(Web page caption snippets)
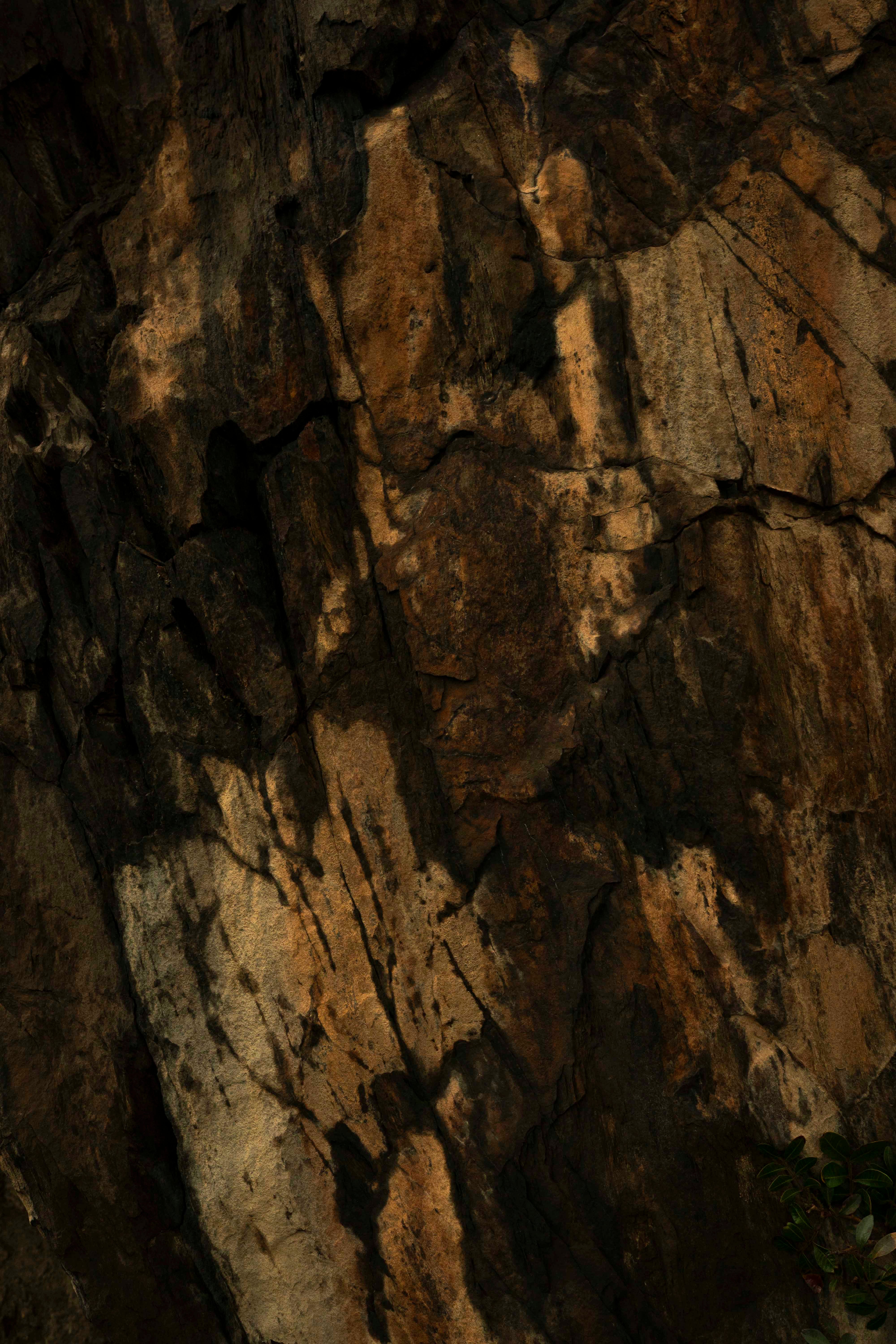 Quand le temps dessine, Cadaquès, 2025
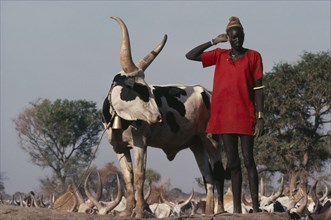 SUDAN, Farming, Dinka man with piebald Song Bull tethered beside him with bell around neck and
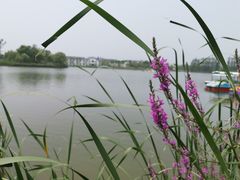 -上海长兴岛郊野公园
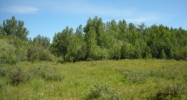 9650 RICKS ROAD Tetonia, ID 83452 - Image 11789765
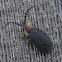 Diurnal Firefly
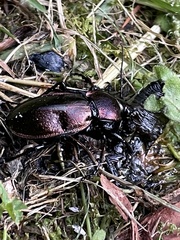 Carabus scheidleri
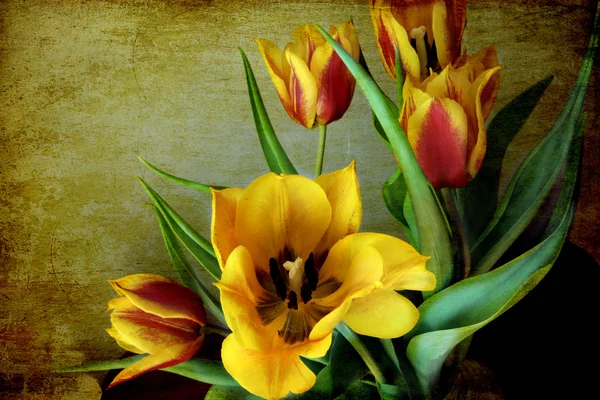 Červené a žluté tulipány na pozadí grunge — Stock fotografie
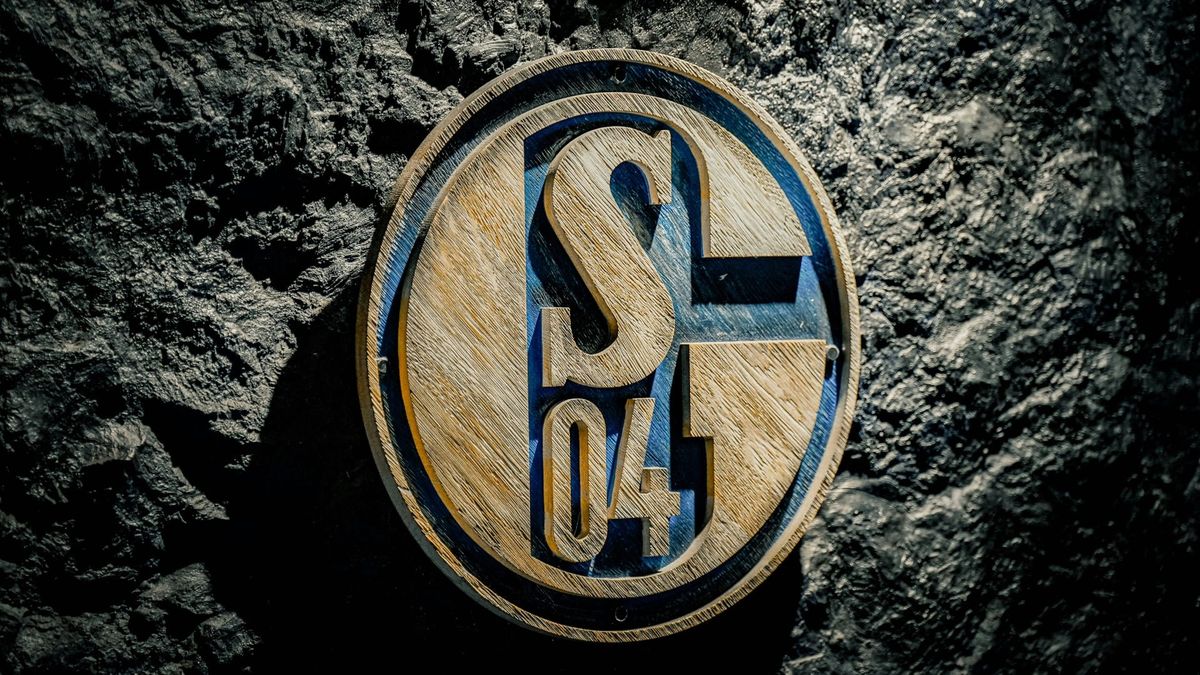 Schalke schließt Partnerschaft mit US-Klub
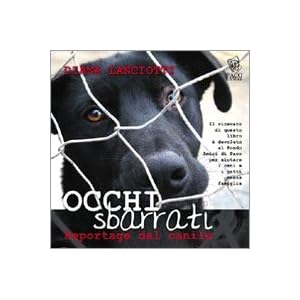 Occhi sbarrati. Reportage dal canile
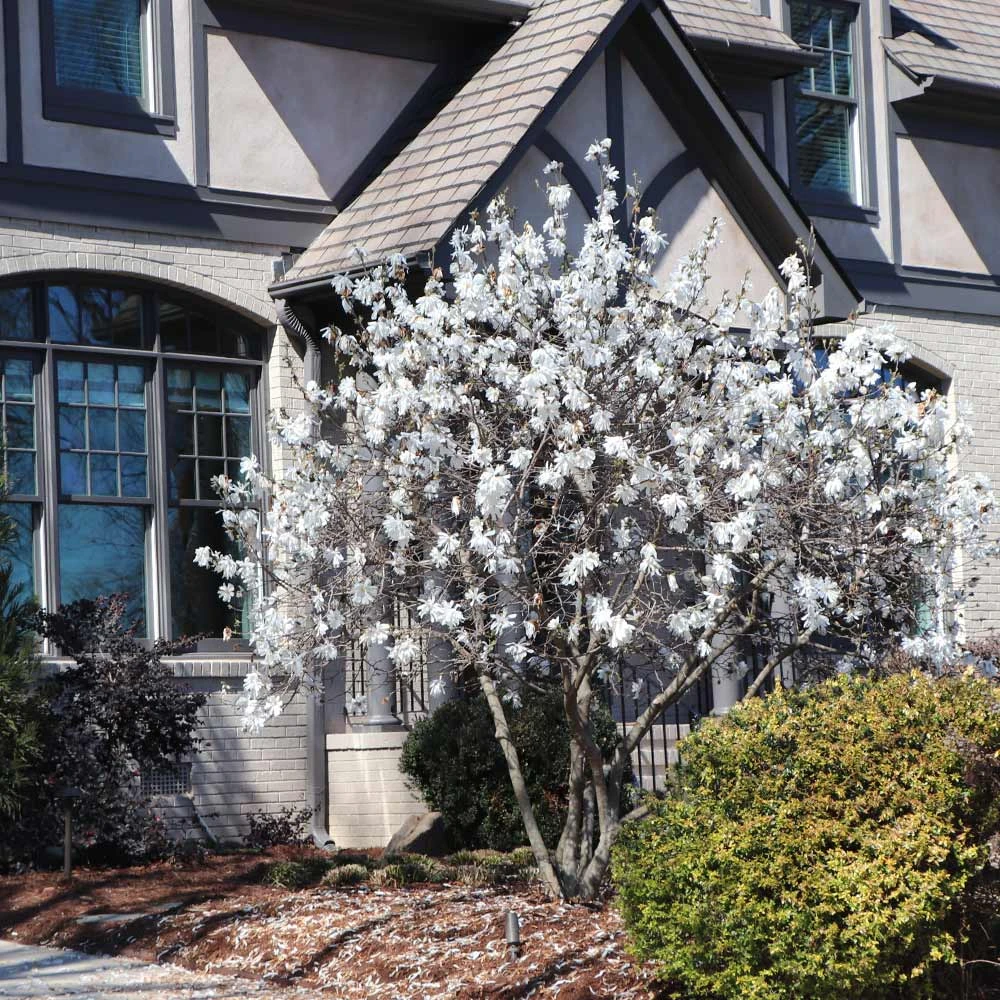 Royal Star Magnolia Tree - Image 4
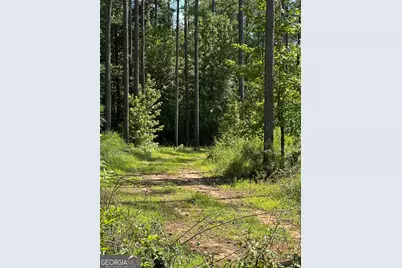 0 Fears Road, Madison, GA 30650 - Photo 30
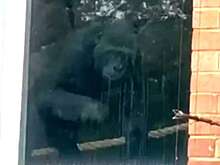 В Англии семью горилл нашли запертой в заброшенном зоопарке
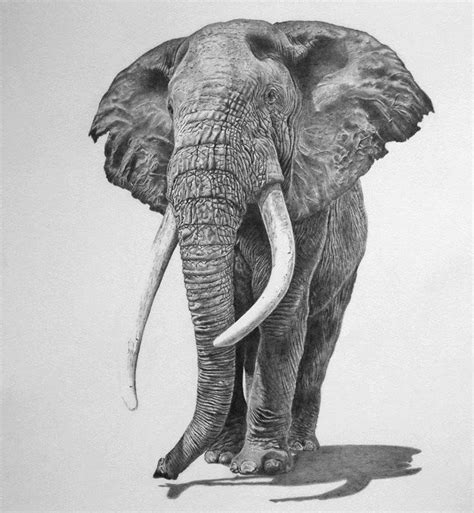 106 best Elephants: Drawings images on Pinterest | Animal drawings, Draw animals and Elephant ...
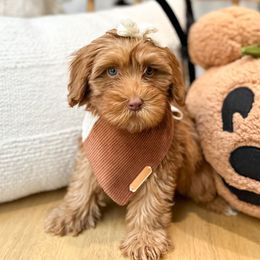 Tiffany - Caramel Australian Labradoodle puppy in Palmdale, California from Doodles_Ko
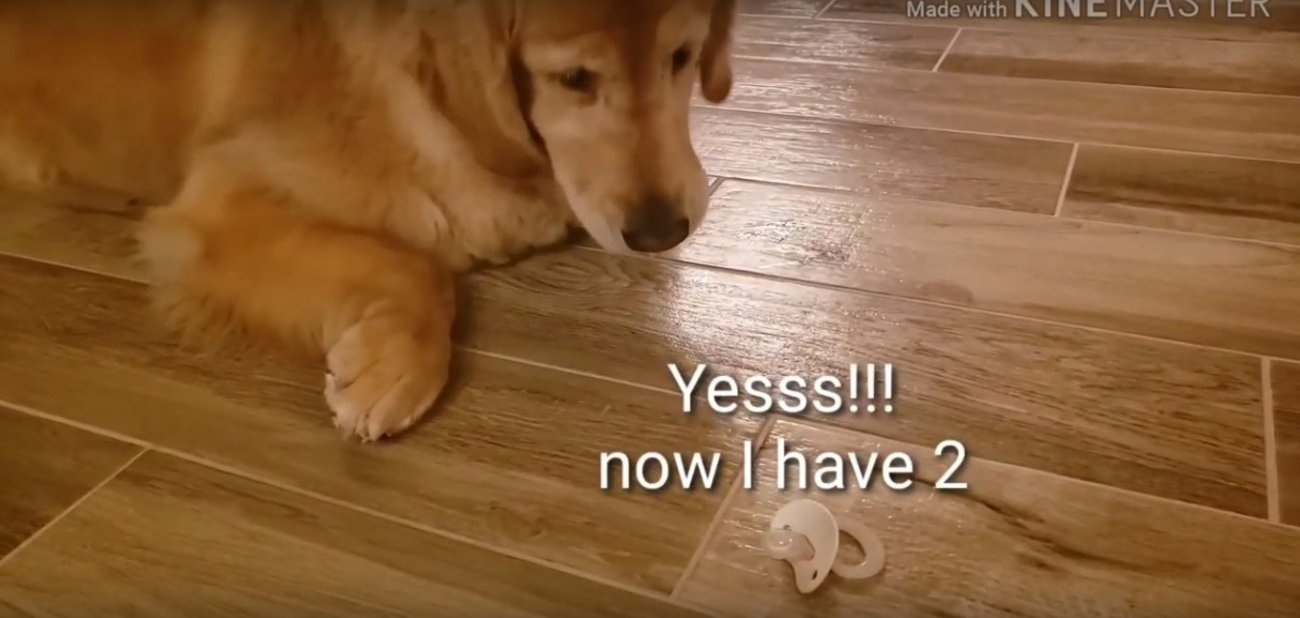 ゴールデンレトリーバー,動画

Exercise brief: Repeat the lines exactly, starting with the line that contains "Royal Star Magnolia Tree - Image 4" and ending with the last line of the entries. Keep both of those lines but no pictures.

Task result:
 Royal Star Magnolia Tree - Image 4
 0 Fears Road, Madison, GA 30650 - Photo 30
 В Англии семью горилл нашли запертой в заброшенном зоопарке
 106 best Elephants: Drawings images on Pinterest | Animal drawings, Draw animals and Elephant ...
 Tiffany - Caramel Australian Labradoodle puppy in Palmdale, California from Doodles_Ko
 ゴールデンレトリーバー,動画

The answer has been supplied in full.